# [Exercise prompt]
Do not include the pictures; repeat the rest of the data exactly.

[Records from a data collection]
- - - -
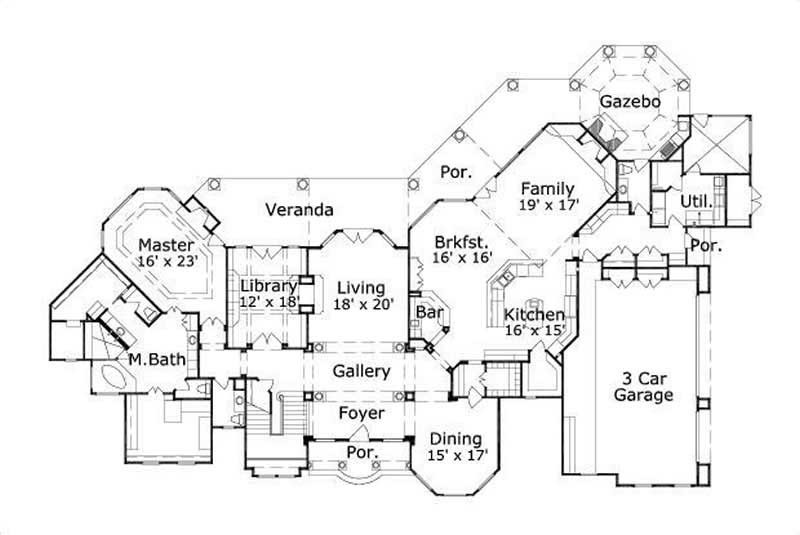 Floor Plan First Story of Luxury Plan #156-1741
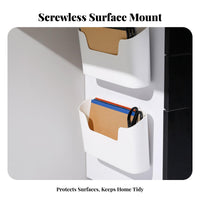 Space-Saving Storage Box Drilldrillless Installation Mounted Holder No Drilling Required Organizer Bin Easy to Install for Homeowners, Students, RV Owners, Cabinet Door, Refrigerator, Dorm Room, Bathroom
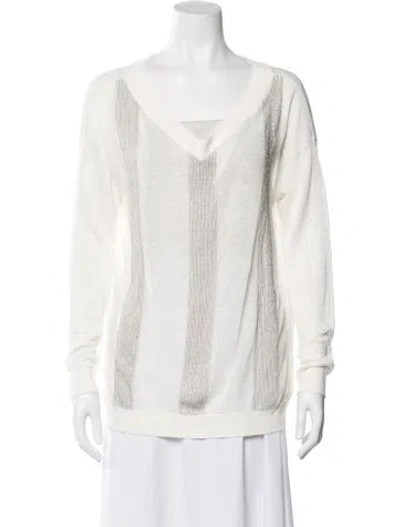 Pre-owned Brunello Cucinelli Linen Scoop Neck Sweater In Neutral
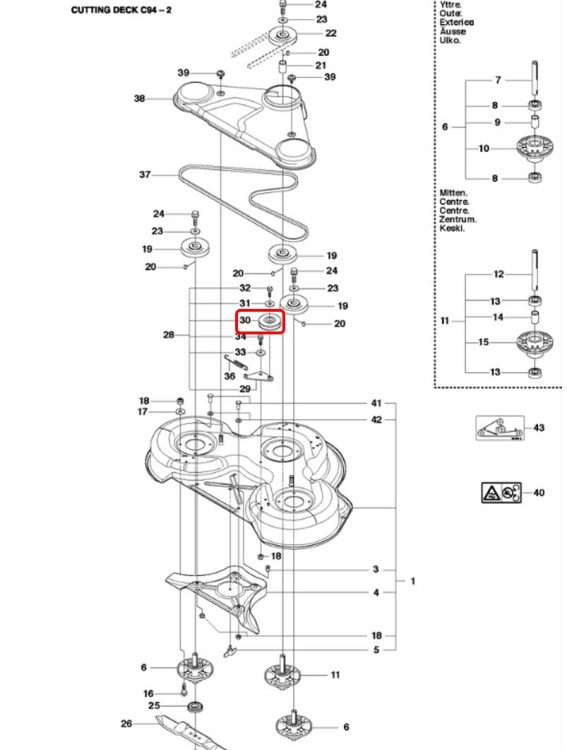 Koło pasowe 506793201 581864601 schemat deck 94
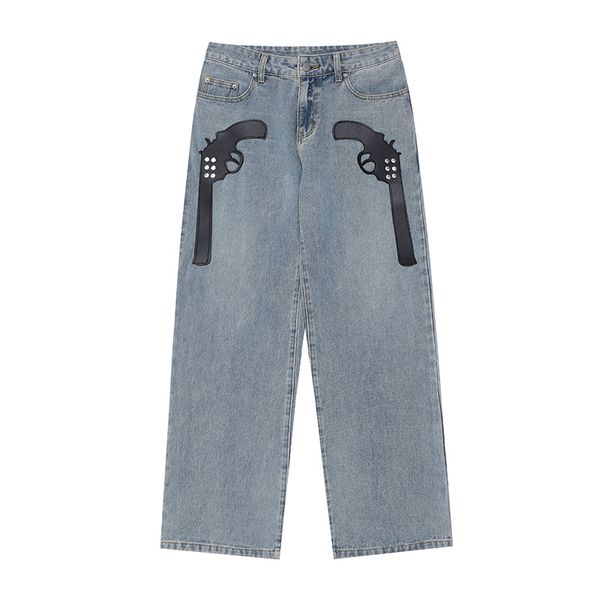 jeans embroidery denim pants men and women ripped straight washed casual oversize loose pants, Blue
jeans embroidery denim pants men and women ripped straight washed casual oversize loose pants, Blue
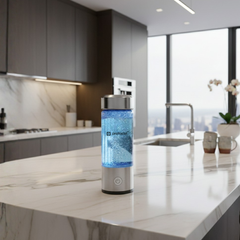 Protocol⁴ glass hydrogen water bottle on a kitchen counter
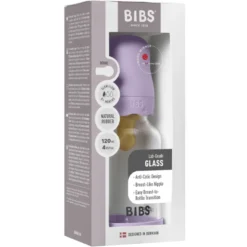Bibs Glass Boheme Baby Bottle Round Latex Slow Flow Violet Sky (120 ml)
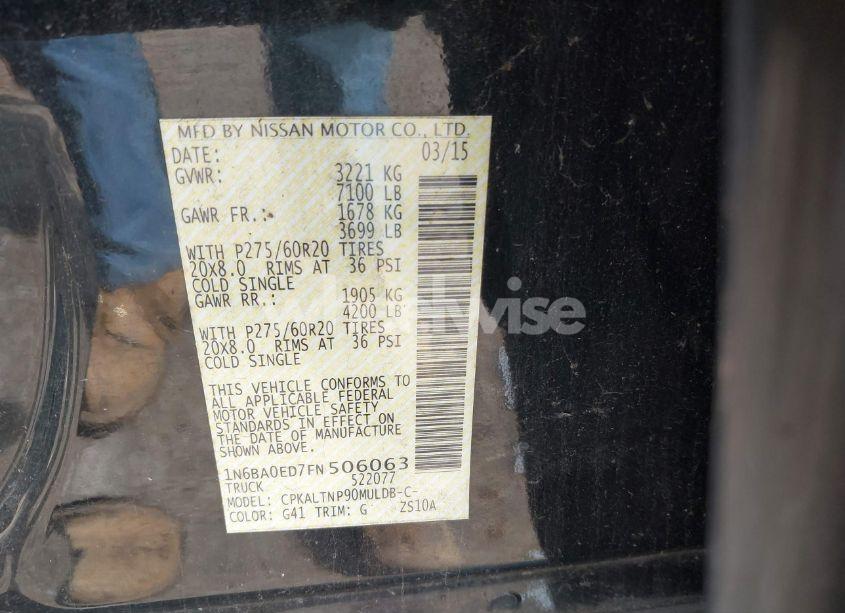 Photo 9 of 2015 Nissan Titan SV (VIN 1N6BA0ED7FN506063)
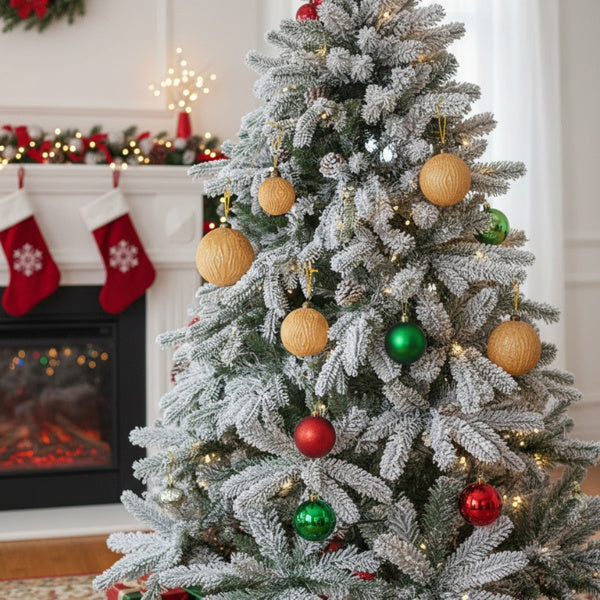 Set de 6 Boules de Noël en Verre - Décorations Éclatantes pour Arbre de Fête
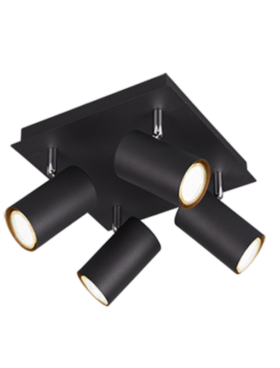 Lámpara foco 4x GU10 metal negro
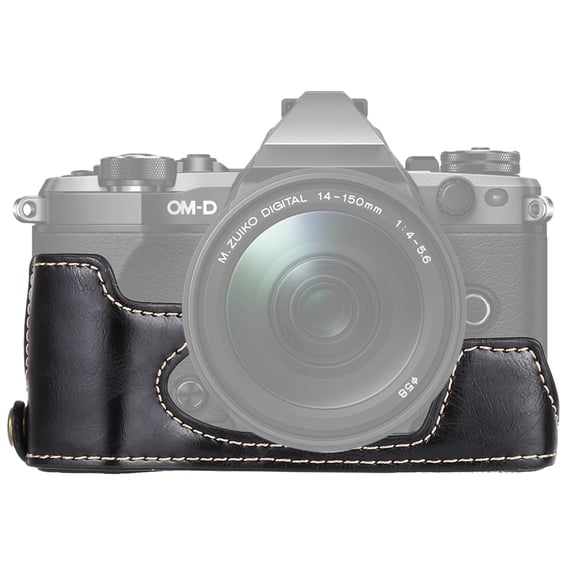 1/4 inch Thread PU Leather Camera Half Case Base for Olympus EM5 / EM5 Mark II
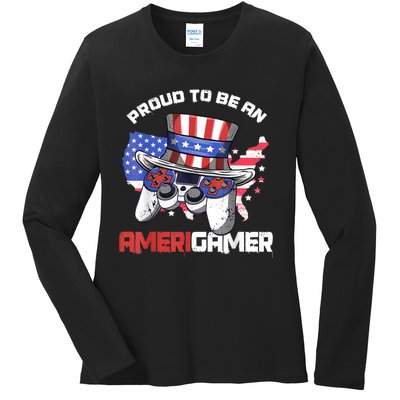 Gamer 4th Of July Gift Funny Controller American Flag Ladies Long Sleeve Shirt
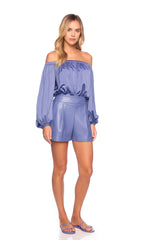 matte satin off shoulder bodysuit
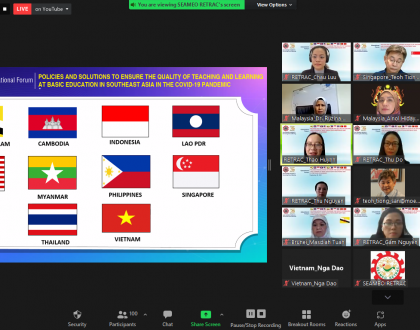 Diễn đàn giáo dục trực tuyến về “Các chính sách và giải pháp đảm bảo chất lượng dạy và học của giáo dục phổ thông ở Đông Nam Á trong Đại dịch COVID-19”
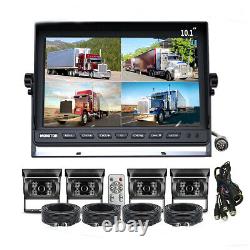 10.1 Quad Split Monitor Screen 4PIN 4X CCD Rear View Backup Camera for Truck RV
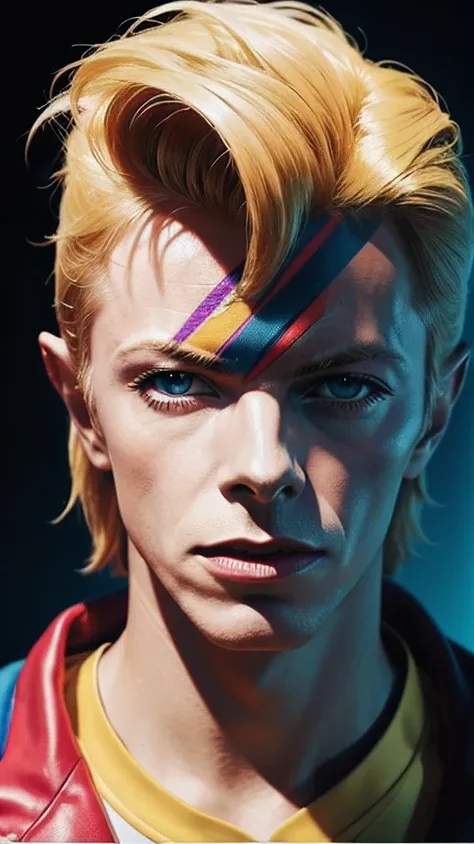 A striking pop art illustration of "David Bowie" from the 1960s with bright BLOND hair, wearing a YELLOW dot SHIRT, inspired by pop art, op art, octane, zoom burst. Cinematic, ambient occlusion, volumetric lighting, shot on Sony A7S III, f/ 9. 0, 1/ 5. haz...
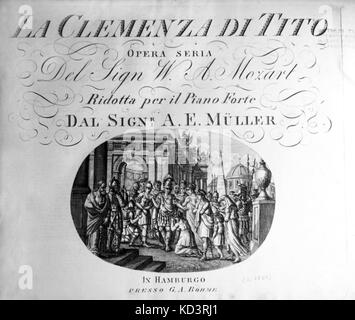 MOZART - La Clemenza di Tito - title page from edition published c.1803 Austrian composer,1756-1791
- - - -
# [Exercise result]
 Floor Plan First Story of Luxury Plan #156-1741
 Space-Saving Storage Box Drilldrillless Installation Mounted Holder No Drilling Required Organizer Bin Easy to Install for Homeowners, Students, RV Owners, Cabinet Door, Refrigerator, Dorm Room, Bathroom
 Pre-owned Brunello Cucinelli Linen Scoop Neck Sweater In Neutral
 Koło pasowe 506793201 581864601 schemat deck 94
 jeans embroidery denim pants men and women ripped straight washed casual oversize loose pants, Blue
jeans embroidery denim pants men and women ripped straight washed casual oversize loose pants, Blue
 Protocol⁴ glass hydrogen water bottle on a kitchen counter
Bibs Glass Boheme Baby Bottle Round Latex Slow Flow Violet Sky (120 ml)
 Photo 9 of 2015 Nissan Titan SV (VIN 1N6BA0ED7FN506063)
 Set de 6 Boules de Noël en Verre - Décorations Éclatantes pour Arbre de Fête
 Lámpara foco 4x GU10 metal negro
 1/4 inch Thread PU Leather Camera Half Case Base for Olympus EM5 / EM5 Mark II
 Gamer 4th Of July Gift Funny Controller American Flag Ladies Long Sleeve Shirt
 matte satin off shoulder bodysuit
 Diễn đàn giáo dục trực tuyến về “Các chính sách và giải pháp đảm bảo chất lượng dạy và học của giáo dục phổ thông ở Đông Nam Á trong Đại dịch COVID-19”
 10.1 Quad Split Monitor Screen 4PIN 4X CCD Rear View Backup Camera for Truck RV
 A striking pop art illustration of "David Bowie" from the 1960s with bright BLOND hair, wearing a YELLOW dot SHIRT, inspired by pop art, op art, octane, zoom burst. Cinematic, ambient occlusion, volumetric lighting, shot on Sony A7S III, f/ 9. 0, 1/ 5. haz...
 MOZART - La Clemenza di Tito - title page from edition published c.1803 Austrian composer,1756-1791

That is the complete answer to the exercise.